In publishing his tome, Let the Dead Bury the Dead, Indiana-based researcher Matt Janovic documents pervasive corruption, zany paranoia culture and desperate legal harassment. Although he had a list of prostitutes, servicing the capital region’s elites, employed by Jeane Palfrey, former Johns were “going after all of them,” he says, “to shut them up.” For 13 years Ms. Palfrey was able to sell sex to thousands of D.C. clients, including politicians, and well-compensated defense and intelligence contractors.
The Johns’ attempts to shut up their prostitutes worked, far more than the prostitutes’ fear of their own criminal liability. Mr. Janovic, along with the rest of the team working for the cause of defending Ms. Palfrey, “couldn’t find [the former prostitutes].”
Following D.C. Federal Judge Gladys Kessler’s having obtained in late 2007 subpoena power over various law enforcement and intelligence agencies in connection to Ms. Palfrey’s case, Judge Kessler was replaced by Judge James Robertson, who subsequently quashed that subpoena power. “All of a sudden,” says Mr. Janovic, “Judge Kessler is replaced without any explanation, nothing.” It was at this time, he says, that Ms. Palfrey threatened, in front of defense counsel Montgomery Sibley, to kill herself. The author speculates that a suicide threat even in front of Judge Kessler may have been the reason for her replacement.
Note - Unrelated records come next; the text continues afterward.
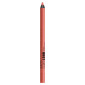 NYX Professional Makeup Line Loud Matita Labbra Matte No Transfer Waterproof con Olio di Jojoba Vitamina E 06 Ambition Statement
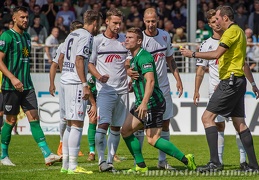 SC Preußen - KFC Uerdingen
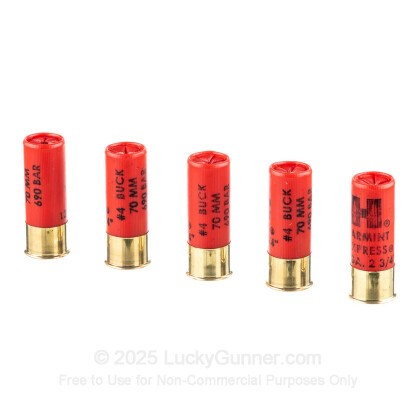 Image 4 of Hornady 12 Gauge Ammo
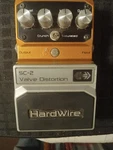 Digitech Hardwire SC-2 Valve Distortion Guitar Effect Pedal. Fixed Price $79.45.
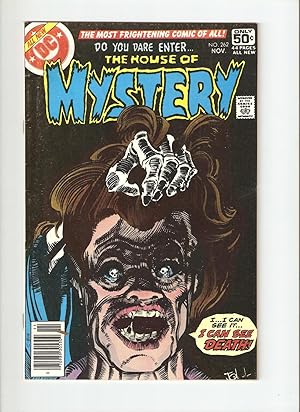House of Mystery (1st Series) #262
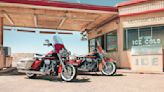 Harley-Davidson Electra Glide Highway King a modern icon with a 1968 heart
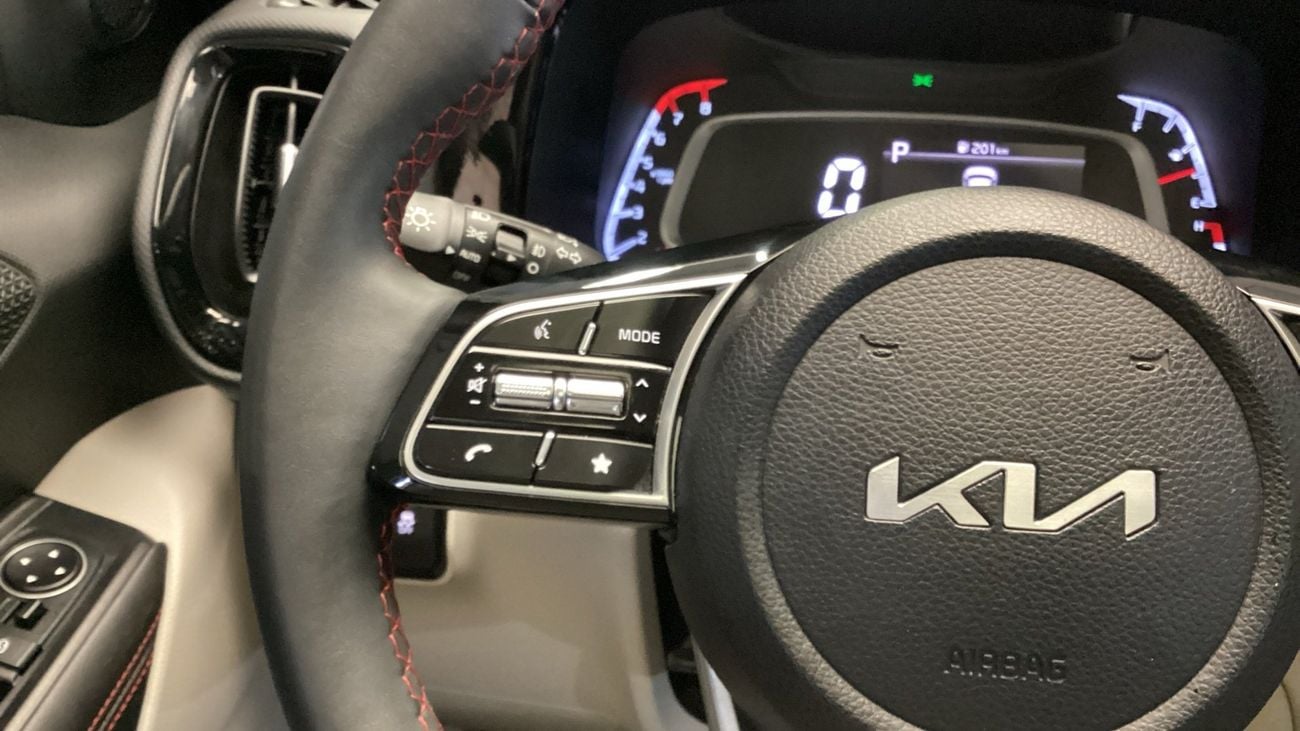 كيا سونیٹ 1.5 AUTO EX 2WD FOP | شامل الضمان | 0 ﺪﻔﻋﺓ ﺃﻮﻟﻯ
Mr. Janovic makes clear that he hates conspiracy nuts. These peddlers of fear, he says, are “incredibly irresponsible, dishonest with themselves and everybody.” Their distrust of absolutely all parties to everything, says the author via phone, is “intellectually lazy,” adding that their unhealthy distrust is a “cop-out.” He thinks their basic view of the world is, “like, ‘well, if I don’t have to be a responsible citizen I can just go running to irrationality.’” This is the reason that, despite prostitution ring operator Jeane Palfrey’s radio show assurances that she would not commit suicide, he was entirely certain that her suicide was not the product of any foul play whatsoever.
But after her being investigated for fraud by the Postal Service, and informants turning on her multimillion-dollar sex ring — and receiving numerous, spurious legal threats, intended to intimidate him into silence — Matt Janovic, a former researcher for Ms. Palfrey, has still come to the conclusion that there are practical and ethical limits to unhinged distrust. The Postal Service busted Ms. Palfrey twice in the early ’90s for money laundering. He says, “I was getting the fake cease-and-desists for a while, but now they’ve halted because the book is out,” adding that letter writers were “just trying to fake me out and intimidate me into not putting the book out . . . If anything they emboldened me to do it.”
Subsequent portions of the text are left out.